Was Balenia entitled to sue before making time of the essence?
[51] Mr Ponniah’s second substantive argument was that Balenia was not entitled to sue before making time of the essence. He submitted that, in the absence of appropriate notice making time of the essence and allowing a reasonable time for remedy, the time for payment had not arrived.
[52] This defence was not raised in the notice of opposition. It is not referred to in Associate Judge Hole’s decision, from which we infer the argument was not run before him.
[53] Notwithstanding that, we deal with the point, as we are satisfied the argument is not well founded. We have already found that Mr Erceg cannot rely on cl A4(a) because of his default in withdrawing Clyde’s instructions. He was therefore bound to settle. Mr Nicholson’s letter of 17 June 2008 constituted a notice requiring settlement. Mr Erceg did not comply with it.
[54] Mr Ponniah submitted Mr Erceg should have been given a reasonable time to “remedy any alleged default” – for instance, by reinstructing Clyde. We do not accept that. Mr Erceg, by his default, had lost the benefit of the solicitors’ approval clause. Balenia was now entitled to insist on settlement, which it did. In any event, there is no evidence that Mr Erceg took any steps to reconfirm Clyde’s instructions.
Should Balenia have been granted specific performance?
[55] Mr Ponniah’s final submission was that the judge had wrongly granted Balenia specific performance of the settlement agreement. Mr Ponniah submitted the appropriate course should have been to declare Mr Erceg in breach of the settlement agreement and order him to pay damages. Obviously, those damages would have had to be fixed at a later hearing.
[56] A further point raised by Mr Ponniah related to the form of the order for specific performance. Mr Ponniah submitted that, even if specific performance was the appropriate remedy, the order should not have been to pay the deposit but rather should have “related to the achievement or satisfaction of [cl A4(a)]”.
[57] Mr Kohler, in reply, submitted that this submission was not open to Mr Erceg, as he had conceded in the High Court that, if the other grounds of defence failed, then specific performance was the appropriate remedy.

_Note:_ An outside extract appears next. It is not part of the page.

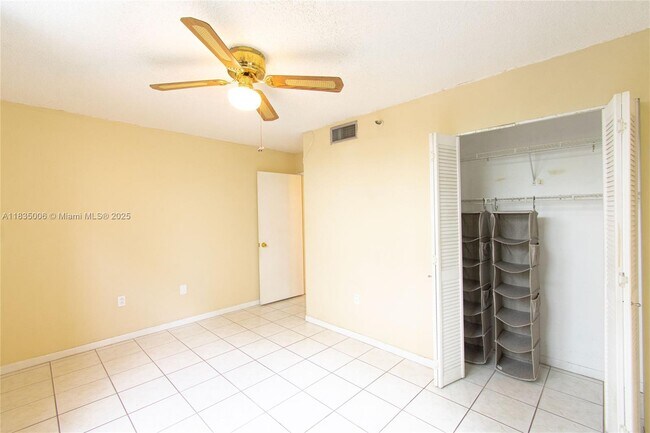 Building Photo - 1621 Collins Ave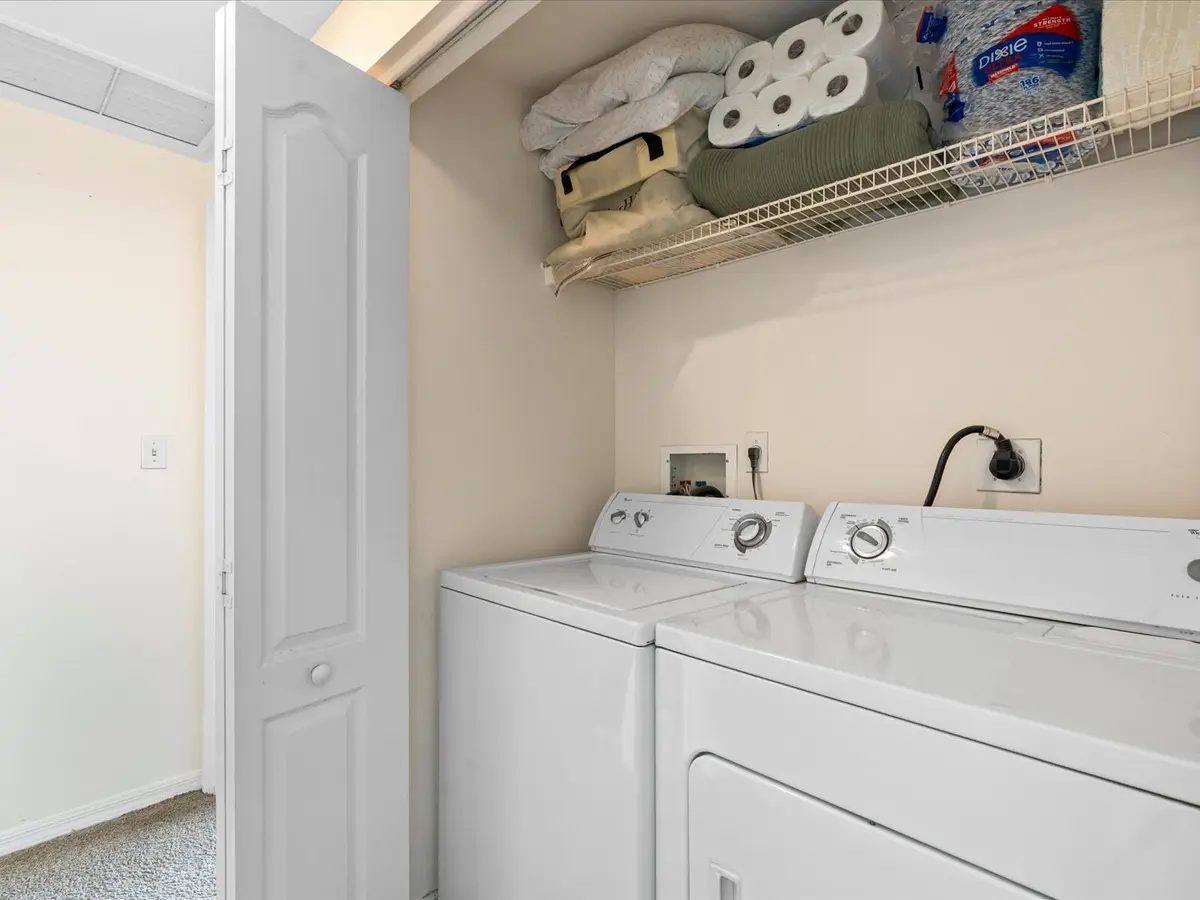 21-Laundry at 100 N Federal Highway 736, Fort Lauderdale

As a fallback, Mr Kohler submitted that in any event the judge’s decision to grant specific performance was appropriate.
[58] Associate Judge Hole recorded in his judgment at [37]:
At the end of the hearing, both parties agreed that the most appropriate remedy, if summary judgment was to be granted, was an order for specific performance.
[59] Mr Ponniah submits he made no such concession. He is supported in his recollection by an affidavit sworn by a staff solicitor of his, Bethany Harper. Ms Harper was present as an observer at the High Court hearing. This court granted leave for her affidavit to be admitted: [2008] NZCA 535 at [20]- [21]. She said at paragraph 13 of her affidavit:
I can recall that issue [of the appropriateness of specific performance as a remedy] being raised during the hearing. Mr Ponniah was at considerable pains to express to His Honour that he had no instructions to make such a concession and that he did not make it. Further, I can recall clearly during a break that Mr Ponniah expressed to Mr Kohler his anxiety that his position relating to specific performance was that it was not an appropriate remedy and that he was unsure if this was clear to the judge. Mr Kohler reassured Mr Ponniah that his position had certainly been made clear to him (Mr Kohler) and that he was sure the judge had understood it.

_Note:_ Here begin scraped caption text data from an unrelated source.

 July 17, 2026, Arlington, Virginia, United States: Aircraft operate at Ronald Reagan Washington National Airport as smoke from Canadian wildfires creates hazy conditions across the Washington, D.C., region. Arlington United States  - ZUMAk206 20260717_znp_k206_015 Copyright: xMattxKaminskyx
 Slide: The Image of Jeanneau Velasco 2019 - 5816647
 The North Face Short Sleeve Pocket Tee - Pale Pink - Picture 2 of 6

[60] Mr Kohler strenuously disputes that version of events. He considers that what the judge said in his judgment correctly reflected counsel’s submissions.

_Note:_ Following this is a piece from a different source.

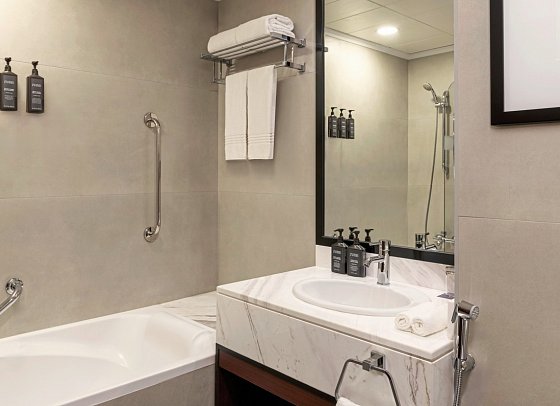 Sheraton The Walk, Dubai - Beispiel Bad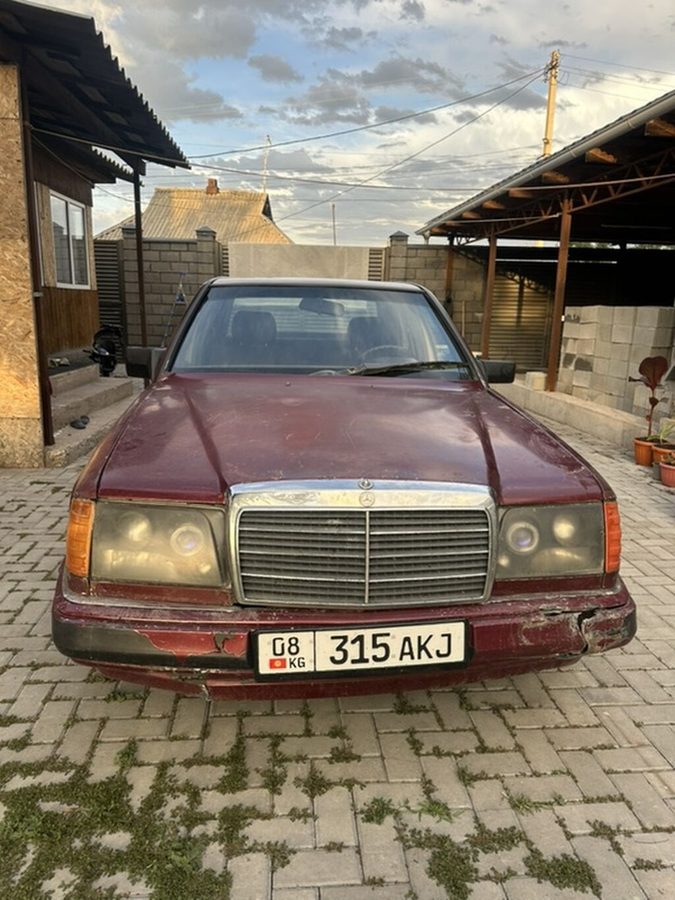 Mercedes-Benz W124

[61] Associate Judge Hole has dealt with this matter in his r 46 report. He has advised as follows:
I recall that I did raise a concern as to whether specific performance was an appropriate remedy (as I have stated at paragraph 37 of my judgment). It was my understanding that neither counsel thought that judgment on liability was appropriate. I do not recall counsel for Mr Erceg being “at considerable pains to express that he had no instructions to make such a concession and that he did not make one”. Certainly, he did not concede that I should make an order for specific performance when his client was denying liability. However, as I have stated in paragraph 37 of my judgment, I was under the impression that he acknowledged that if summary judgment were to be granted then specific performance was the most appropriate remedy.
[62] These misunderstandings occur from time to time. We prefer to make no factual findings as to what occurred at the hearing, as none of the participants has been cross-examined. Further, in the case of Messrs Ponniah and Kohler, their accounts are unsworn and were given from the bar. We incline to the view that Mr Ponniah must have said something to indicate that specific performance seemed appropriate, if he failed on other defences. Why else would he have expressed to Mr Kohler anxiety as to “his position relating to specific performance”? Why else would he be “unsure” as to the impression he had left with the judge? But we make no findings and we move on to consider the substantive point, namely the appropriateness of specific performance in these circumstances.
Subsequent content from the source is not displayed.